You’ve set up your business and are running it in Europe. Given this, you are most likely exchanging goods or services with other companies on the same continent and this means you need to make or receive payments in euros outside your national system. In this case, transfers will be made via SEPA.

But what is SEPA and what regulations does it include? Keep reading to find out more!

What is SEPA?

SEPA is an acronym for Single Euro Payments Area – a payment-integration initiative of the European Union. Its aim is to bring uniformity in national and cross-border payments and unanimous standards in all participating countries. Thus, it simplifies capital transfers within the union.

Citizens, businesses, and public administration can make and receive payments in euros faster and cheaper, since the same basic conditions, rights, and obligations apply, regardless of the location. SEPA payments in euro are made, using four major instruments: credit transfers, instant credit transfers, direct credit, and direct debit business-to-business.

Why SEPA?

Introducing both the Economic and Monetary Union and the euro currency has been of great importance to the formation of a single market in the European Union.

Since January 2001, it’s been possible to make same-currency cash payments all over the Eurozone.
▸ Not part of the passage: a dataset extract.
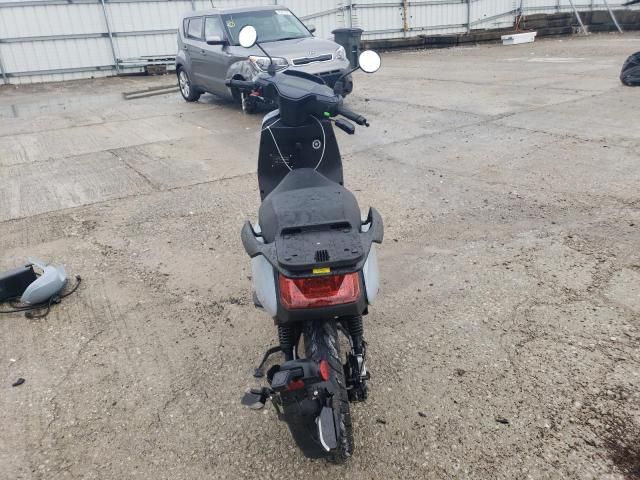 2022 NIU Scooter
However, for a while after, with non-cash payments national, fragmentation sustained and the convenience which the euro had to address was difficult to achieve.

SEPA was started to eliminate the differences.

What are the advantages of SEPA?

The uniform conditions set out by SEPA facilitate all operations in euro in terms of ease, speed, safety, and efficiency. International payments are processed in the same way as within each of the national markets.

SEPA is among the steps toward full economic and monetary integration which benefits consumers, companies, and public administration alike. The initiative fosters an efficient European economy, fair competition, and innovation.

A quick history of SEPA

SEPA was started in 2007 when the European Union passed the Payment Service Directive. It shaped the legal basis for the integration, which was first introduced in 2008 for credit transfers. Direct debits were available as of 2009 and SEPA was fully implemented in the euro area by 2014. Several non-euro countries joined in 2016. 

At the end of 2019, the European Commission restrained banks from charging non-euro EU-member countries extra fees for transferring money out of their national system.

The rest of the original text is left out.